PROBLEM DETAILS: What must be handed in is the entire listing, exactly as written, with no pictures.

DATA SHOWN:

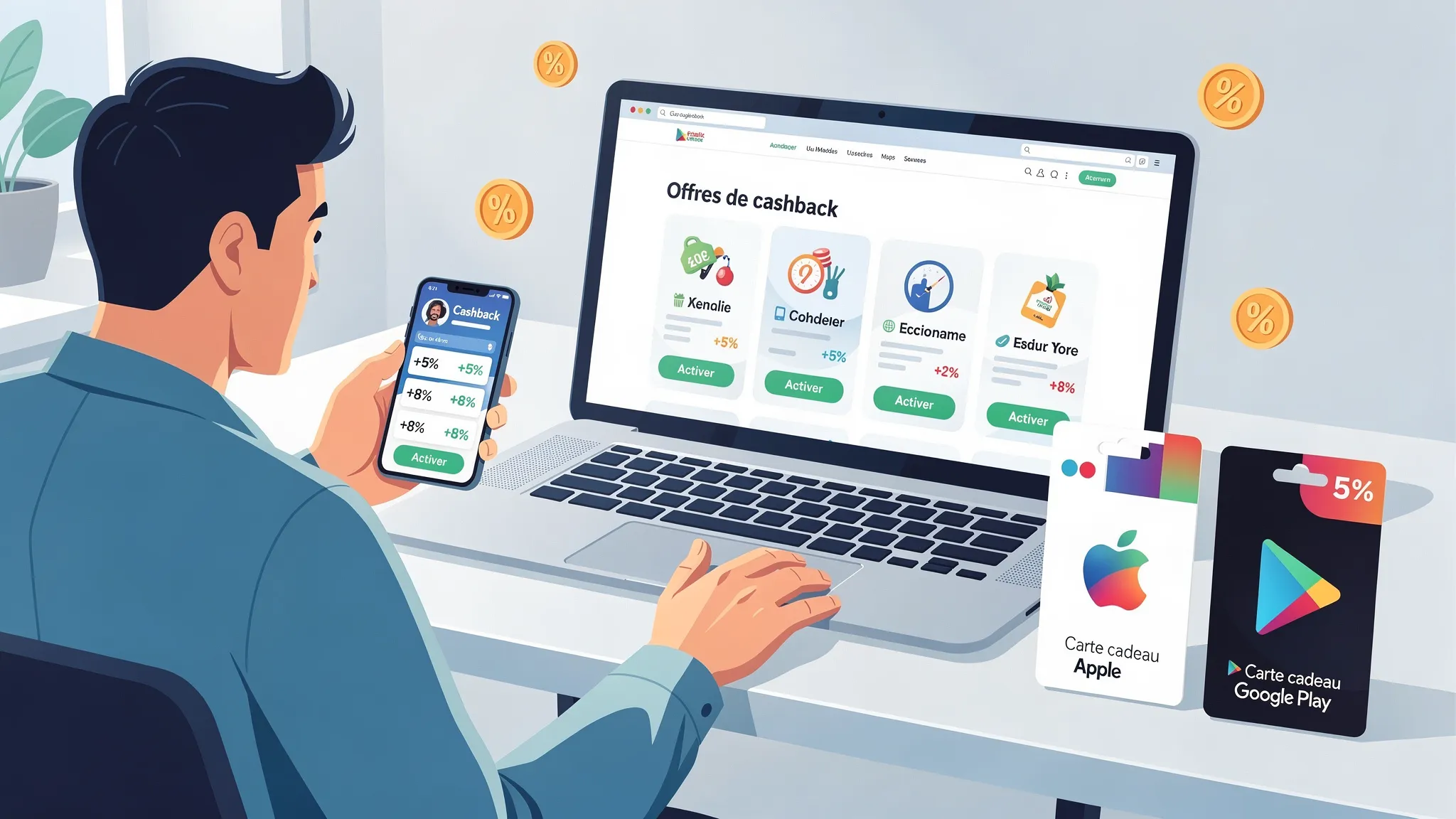 Un utilisateur compare des offres de cashback sur son téléphone et son ordinateur, avec des cartes cadeaux Apple et Google Play posées à côté, illustrant l’idée d’acheter du crédit store via un revendeur éligible au cashback.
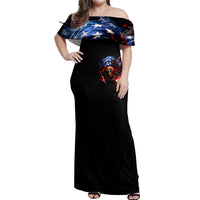 American Skull Off Shoulder Maxi Dress One Day I Gonna Fuck It All - Wonder Print Shop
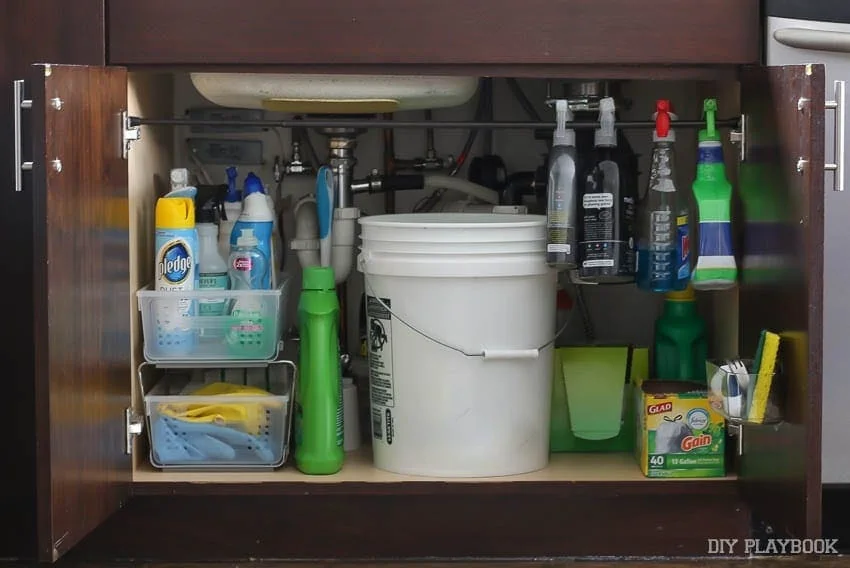 easy ways to organize under the sink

EXPECTED OUTPUT:
 Un utilisateur compare des offres de cashback sur son téléphone et son ordinateur, avec des cartes cadeaux Apple et Google Play posées à côté, illustrant l’idée d’acheter du crédit store via un revendeur éligible au cashback.
 American Skull Off Shoulder Maxi Dress One Day I Gonna Fuck It All - Wonder Print Shop
 easy ways to organize under the sink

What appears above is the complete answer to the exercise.